[YOUR OBJECTIVE] From the line containing "محافظ القليوبية: إنطلاق" through the end of the entries, please repeat every line exactly and nothing more; the pictures do not belong in the copy.

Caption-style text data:
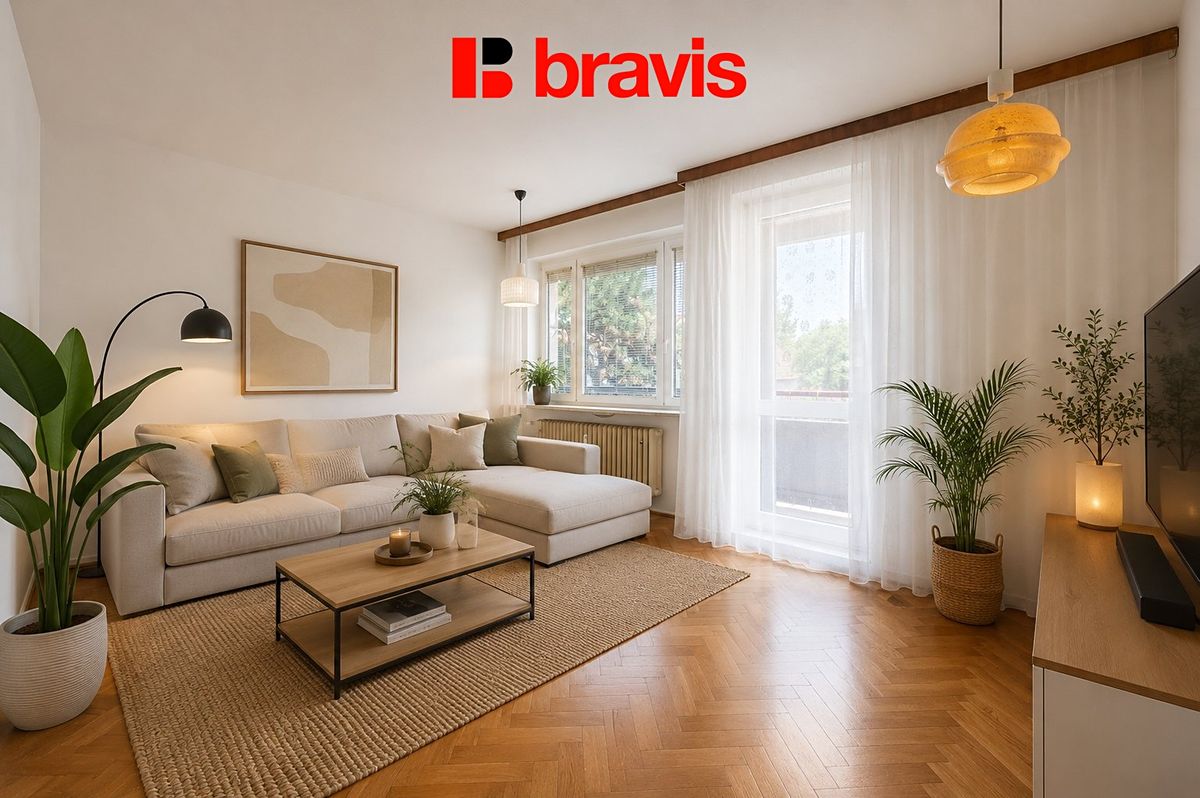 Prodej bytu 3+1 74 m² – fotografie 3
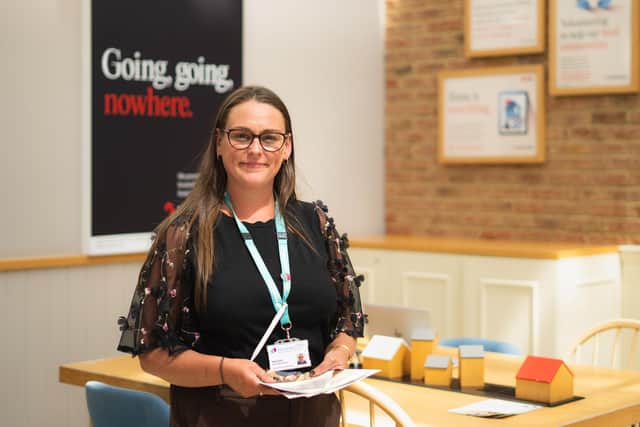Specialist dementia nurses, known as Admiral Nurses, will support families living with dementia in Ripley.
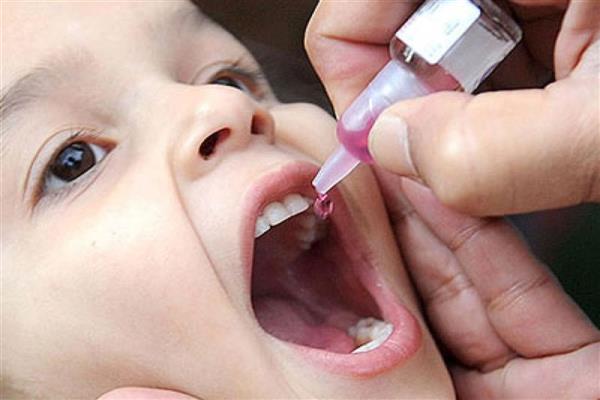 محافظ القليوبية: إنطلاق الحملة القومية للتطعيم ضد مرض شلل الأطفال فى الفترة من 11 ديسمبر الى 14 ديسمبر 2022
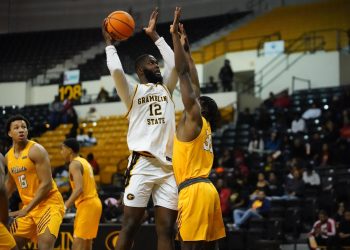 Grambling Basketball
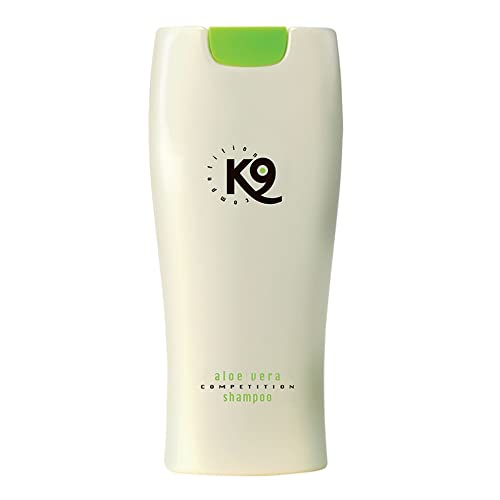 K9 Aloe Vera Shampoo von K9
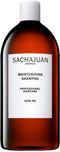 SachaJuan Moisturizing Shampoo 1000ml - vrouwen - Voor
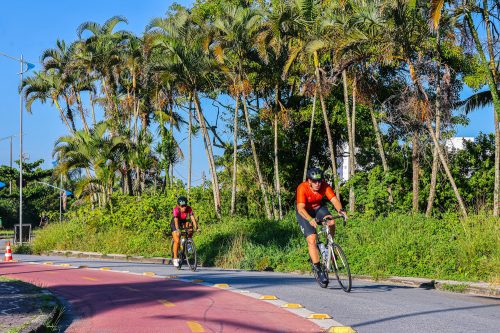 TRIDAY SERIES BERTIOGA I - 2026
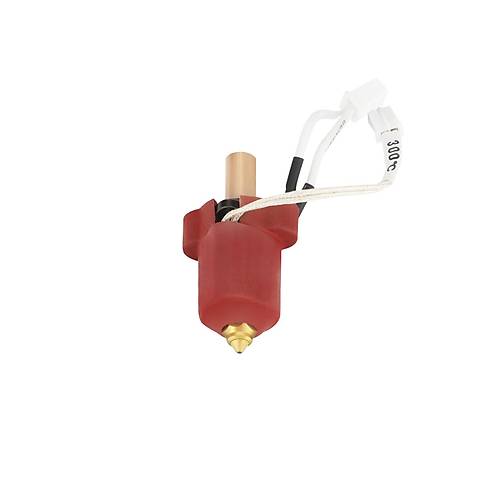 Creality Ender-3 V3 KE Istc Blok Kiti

[REPLY]
 محافظ القليوبية: إنطلاق الحملة القومية للتطعيم ضد مرض شلل الأطفال فى الفترة من 11 ديسمبر الى 14 ديسمبر 2022
 Grambling Basketball
 K9 Aloe Vera Shampoo von K9
 SachaJuan Moisturizing Shampoo 1000ml - vrouwen - Voor
 TRIDAY SERIES BERTIOGA I - 2026
 Creality Ender-3 V3 KE Istc Blok Kiti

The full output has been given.